Dinosaur now sleek operator

"Of all the things we have reason to feel good about, perhaps most encouraging is the fact that a new world we first described four years ago is becoming a reality," he told stockholders in February.

"As early as 1995 we said the Net would be about business and commerce, and that it would be a vocational medium, where real work - work that matters - gets done.

"At that time we expected some people to yawn. We were wrong. They laughed. Today our competitors aren't laughing."

Under Mr Gerstner's guidance, the dinosaur of recent years has become a sleek and innovative operator.

On the cutting edge

It still produces mainframes, which are now back in favour as they can handle complex Internet operations by computing up to 1.6 billion instructions a second.

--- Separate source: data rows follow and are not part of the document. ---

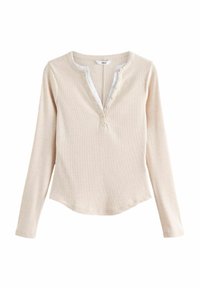 Maglietta beige a maniche lunghe con texture a costine, scollo a V con bordo bianco e cinque bottoni lungo il collo per la chiusura.
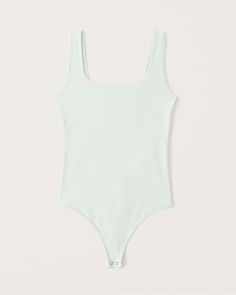 Slim-fitting bodysuit in our new softAF double-layered cotton seamless fabric with square neckline and two-snap bottom closure. White Ribbed Bodysuit For Loungewear, Solid Seamless Bodysuit With Tank Straps, Seamless Solid Color Tank Strap Bodysuit, Seamless Bodysuit With Tank Straps, Solid Seamless Tank Strap Bodysuit, Casual Seamless Bodysuit With Tank Straps, Casual Second-skin Seamless Bodysuit, Summer Ribbed Stretch Bodysuit, Stretch Ribbed Bodysuit For Summer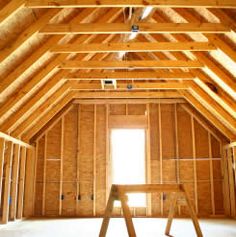 an unfinished room with wooden walls and beams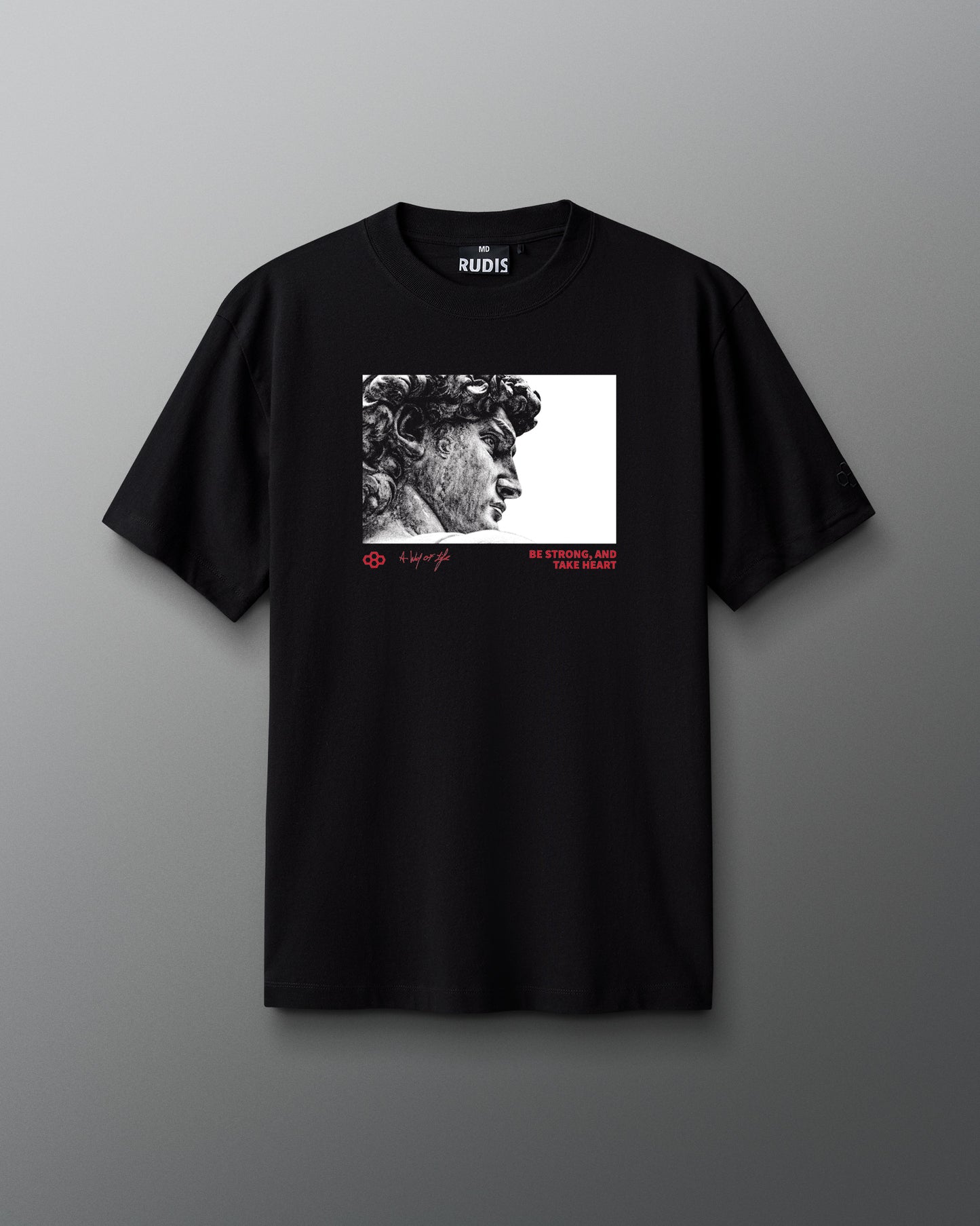 Black t-shirt with a graphic design on a gray background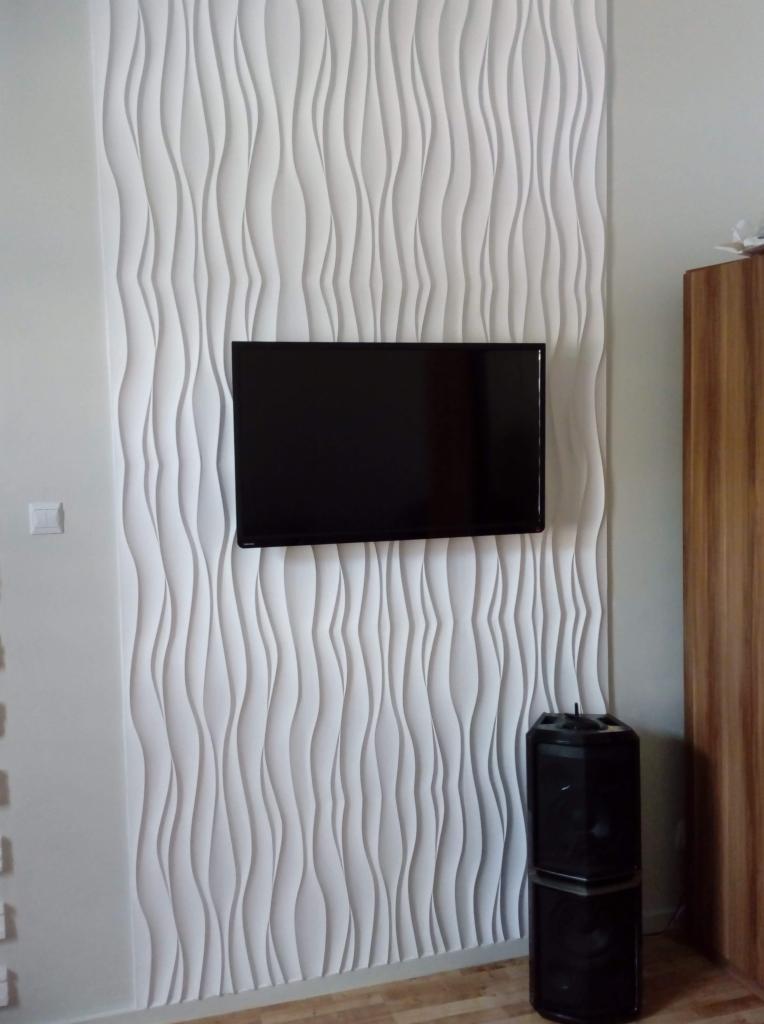 Biała, trójwymiarowa panelowa ściana z falistym wzorem, na której zawieszony jest czarny telewizor. Obok stoi drewniana szafka i czarny głośnik.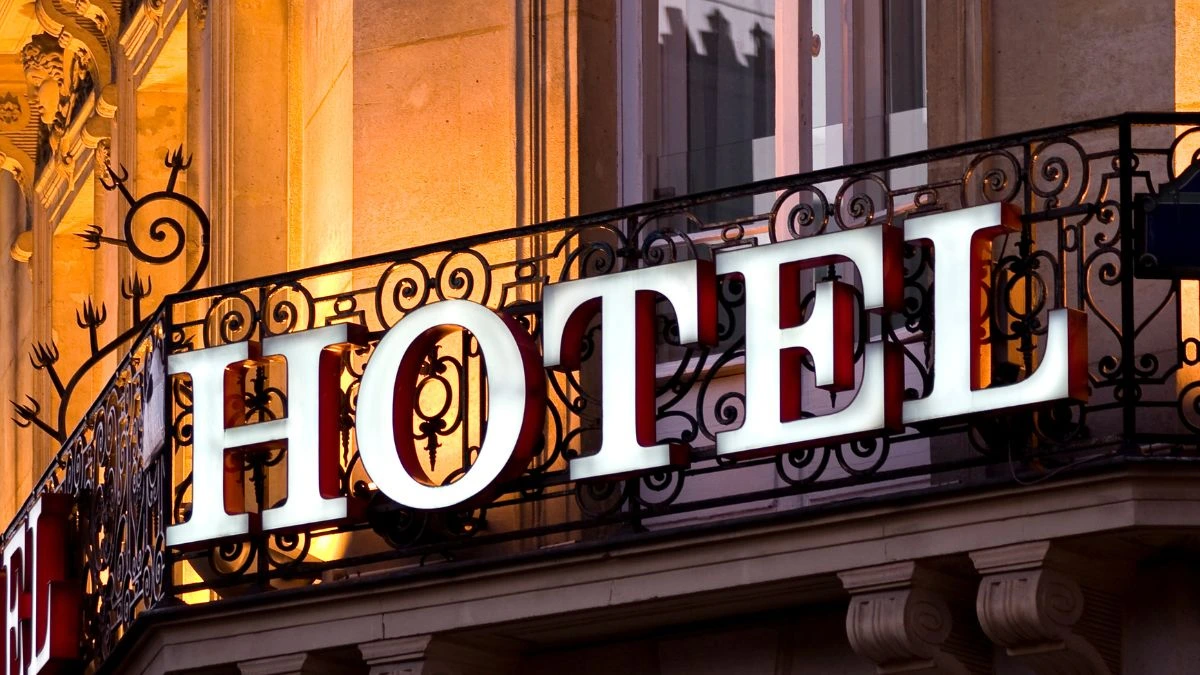 Hotel word on a iron grill outside big building, use to demonstrate Is HOTEL Really an Acronym?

[ image: Nearly half of all laptops contain an IBM hard-disk drive]
Nearly half of all laptops contain an IBM hard-disk drive
But the company is also producing breakthroughs in computer chip technology, speeding up operations and reducing energy consumption.

And it has worked to explore the field of "pervasive computing".

Computer-like devices are embedded in phones, cars and household appliances, able to talk to each other and even tell suppliers when faulty parts need replacing.

Predicting double digit growth in earnings, Lou Gerstner now tells Wall Street investors that IBM generates more revenue, and decidedly more profits from the Internet, than the world's top 25 Internet stocks combined.

"Gerstner was uncharacteristically positive," said analyst Gary Helmig of SoundView Technology Group. "His discussion really had no storm clouds in it at all.

"He talked about huge pent-up demand for computer applications which haven't been done in 1999 and that there's also e-commerce demand fuelling IBM's growth", Mr Helmig said. "So he's looking for a very strong 2000."

Certainly IBM enters the new millennium in fine shape and perhaps with some of its best days still ahead of it.

Upbeat message

IBM's recent history shows how even big players can get crumpled by the crashing waves of new technology. But its revival is a lesson in playing to a company's strengths and being bold enough to predict the next big thing.

Lou Gerstner was perhaps entitled to feel upbeat in his message to stockholders this year.

"When we started this journey in the spring of 1993 our future was uncertain," he said.

"Six years later, we're a company that can look forward to the future and say with confidence that our aspiration, our goal and our plan, is move to the head of the pack - in market leadership, thought leadership and technological leadership."